THE TASK
Instruction for the data below: set down exactly the lines from the line with "Hand-tied Whites (Medium)" to the line with "Used Volkswagen C-TREK", inclusive, and no others.

Stored items from a collection:
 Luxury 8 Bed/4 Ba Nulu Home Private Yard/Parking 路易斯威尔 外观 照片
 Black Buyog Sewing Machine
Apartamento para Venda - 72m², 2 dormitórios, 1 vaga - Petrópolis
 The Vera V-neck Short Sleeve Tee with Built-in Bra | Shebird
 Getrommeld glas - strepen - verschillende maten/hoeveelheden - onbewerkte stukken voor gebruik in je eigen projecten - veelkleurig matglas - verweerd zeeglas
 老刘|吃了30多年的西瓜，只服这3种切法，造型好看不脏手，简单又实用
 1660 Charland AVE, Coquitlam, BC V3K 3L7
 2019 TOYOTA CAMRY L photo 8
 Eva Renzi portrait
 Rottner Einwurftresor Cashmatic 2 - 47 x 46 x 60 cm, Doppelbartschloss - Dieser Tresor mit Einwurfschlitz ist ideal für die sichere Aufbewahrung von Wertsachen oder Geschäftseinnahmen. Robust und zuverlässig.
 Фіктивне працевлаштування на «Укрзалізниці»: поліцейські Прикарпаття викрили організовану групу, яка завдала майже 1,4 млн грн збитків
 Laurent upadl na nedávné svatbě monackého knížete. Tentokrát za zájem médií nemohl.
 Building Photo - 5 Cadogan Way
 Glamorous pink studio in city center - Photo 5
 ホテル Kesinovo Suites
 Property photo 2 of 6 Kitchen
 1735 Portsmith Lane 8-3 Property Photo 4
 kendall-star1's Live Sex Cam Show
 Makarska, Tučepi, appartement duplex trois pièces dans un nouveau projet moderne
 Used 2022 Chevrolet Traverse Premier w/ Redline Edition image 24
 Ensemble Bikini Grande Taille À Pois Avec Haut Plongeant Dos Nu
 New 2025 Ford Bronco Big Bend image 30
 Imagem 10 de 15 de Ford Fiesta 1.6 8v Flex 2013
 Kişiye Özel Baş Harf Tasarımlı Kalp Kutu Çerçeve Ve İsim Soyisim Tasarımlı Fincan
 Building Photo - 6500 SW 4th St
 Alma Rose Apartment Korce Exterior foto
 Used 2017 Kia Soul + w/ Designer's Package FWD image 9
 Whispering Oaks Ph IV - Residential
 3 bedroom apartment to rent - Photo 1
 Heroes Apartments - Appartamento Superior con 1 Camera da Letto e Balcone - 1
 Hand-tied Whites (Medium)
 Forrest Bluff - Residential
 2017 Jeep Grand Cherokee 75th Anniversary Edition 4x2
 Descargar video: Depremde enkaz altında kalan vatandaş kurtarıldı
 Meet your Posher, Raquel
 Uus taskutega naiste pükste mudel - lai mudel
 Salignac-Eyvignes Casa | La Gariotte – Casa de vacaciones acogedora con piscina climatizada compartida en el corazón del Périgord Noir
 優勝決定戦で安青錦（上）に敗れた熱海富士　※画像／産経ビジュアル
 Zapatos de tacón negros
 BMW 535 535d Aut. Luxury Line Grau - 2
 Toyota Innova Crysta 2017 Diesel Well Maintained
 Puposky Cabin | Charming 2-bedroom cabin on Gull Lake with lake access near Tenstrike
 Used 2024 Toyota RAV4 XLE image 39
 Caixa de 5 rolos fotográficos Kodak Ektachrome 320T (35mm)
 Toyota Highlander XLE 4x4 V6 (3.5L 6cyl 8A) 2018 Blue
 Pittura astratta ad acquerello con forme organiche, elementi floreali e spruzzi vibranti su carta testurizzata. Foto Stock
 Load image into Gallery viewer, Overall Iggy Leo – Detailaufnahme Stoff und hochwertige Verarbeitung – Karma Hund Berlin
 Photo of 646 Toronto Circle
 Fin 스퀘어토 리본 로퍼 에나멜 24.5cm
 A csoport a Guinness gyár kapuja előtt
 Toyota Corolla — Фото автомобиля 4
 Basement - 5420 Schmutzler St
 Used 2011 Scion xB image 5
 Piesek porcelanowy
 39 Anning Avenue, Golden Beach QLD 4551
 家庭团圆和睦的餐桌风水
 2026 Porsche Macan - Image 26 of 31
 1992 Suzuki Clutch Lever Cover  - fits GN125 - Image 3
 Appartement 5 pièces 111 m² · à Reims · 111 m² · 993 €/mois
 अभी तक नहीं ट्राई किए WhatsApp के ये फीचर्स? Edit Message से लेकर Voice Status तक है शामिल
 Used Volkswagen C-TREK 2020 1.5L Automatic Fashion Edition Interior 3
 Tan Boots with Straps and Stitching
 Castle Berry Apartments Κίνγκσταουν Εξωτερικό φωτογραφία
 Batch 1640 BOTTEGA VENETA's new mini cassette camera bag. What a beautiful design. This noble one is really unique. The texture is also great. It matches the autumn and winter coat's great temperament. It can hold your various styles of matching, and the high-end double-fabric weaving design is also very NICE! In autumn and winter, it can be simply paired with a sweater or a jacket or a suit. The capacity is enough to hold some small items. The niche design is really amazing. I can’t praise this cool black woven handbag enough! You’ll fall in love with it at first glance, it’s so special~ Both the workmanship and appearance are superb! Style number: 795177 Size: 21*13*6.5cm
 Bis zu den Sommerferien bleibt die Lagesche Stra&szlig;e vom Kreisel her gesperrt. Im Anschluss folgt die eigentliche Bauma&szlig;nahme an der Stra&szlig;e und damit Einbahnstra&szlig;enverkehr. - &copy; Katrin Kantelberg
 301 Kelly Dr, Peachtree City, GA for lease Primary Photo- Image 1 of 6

WRITTEN RESPONSE
 Hand-tied Whites (Medium)
 Forrest Bluff - Residential
 2017 Jeep Grand Cherokee 75th Anniversary Edition 4x2
 Descargar video: Depremde enkaz altında kalan vatandaş kurtarıldı
 Meet your Posher, Raquel
 Uus taskutega naiste pükste mudel - lai mudel
 Salignac-Eyvignes Casa | La Gariotte – Casa de vacaciones acogedora con piscina climatizada compartida en el corazón del Périgord Noir
 優勝決定戦で安青錦（上）に敗れた熱海富士　※画像／産経ビジュアル
 Zapatos de tacón negros
 BMW 535 535d Aut. Luxury Line Grau - 2
 Toyota Innova Crysta 2017 Diesel Well Maintained
 Puposky Cabin | Charming 2-bedroom cabin on Gull Lake with lake access near Tenstrike
 Used 2024 Toyota RAV4 XLE image 39
 Caixa de 5 rolos fotográficos Kodak Ektachrome 320T (35mm)
 Toyota Highlander XLE 4x4 V6 (3.5L 6cyl 8A) 2018 Blue
 Pittura astratta ad acquerello con forme organiche, elementi floreali e spruzzi vibranti su carta testurizzata. Foto Stock
 Load image into Gallery viewer, Overall Iggy Leo – Detailaufnahme Stoff und hochwertige Verarbeitung – Karma Hund Berlin
 Photo of 646 Toronto Circle
 Fin 스퀘어토 리본 로퍼 에나멜 24.5cm
 A csoport a Guinness gyár kapuja előtt
 Toyota Corolla — Фото автомобиля 4
 Basement - 5420 Schmutzler St
 Used 2011 Scion xB image 5
 Piesek porcelanowy
 39 Anning Avenue, Golden Beach QLD 4551
 家庭团圆和睦的餐桌风水
 2026 Porsche Macan - Image 26 of 31
 1992 Suzuki Clutch Lever Cover  - fits GN125 - Image 3
 Appartement 5 pièces 111 m² · à Reims · 111 m² · 993 €/mois
 अभी तक नहीं ट्राई किए WhatsApp के ये फीचर्स? Edit Message से लेकर Voice Status तक है शामिल
 Used Volkswagen C-TREK 2020 1.5L Automatic Fashion Edition Interior 3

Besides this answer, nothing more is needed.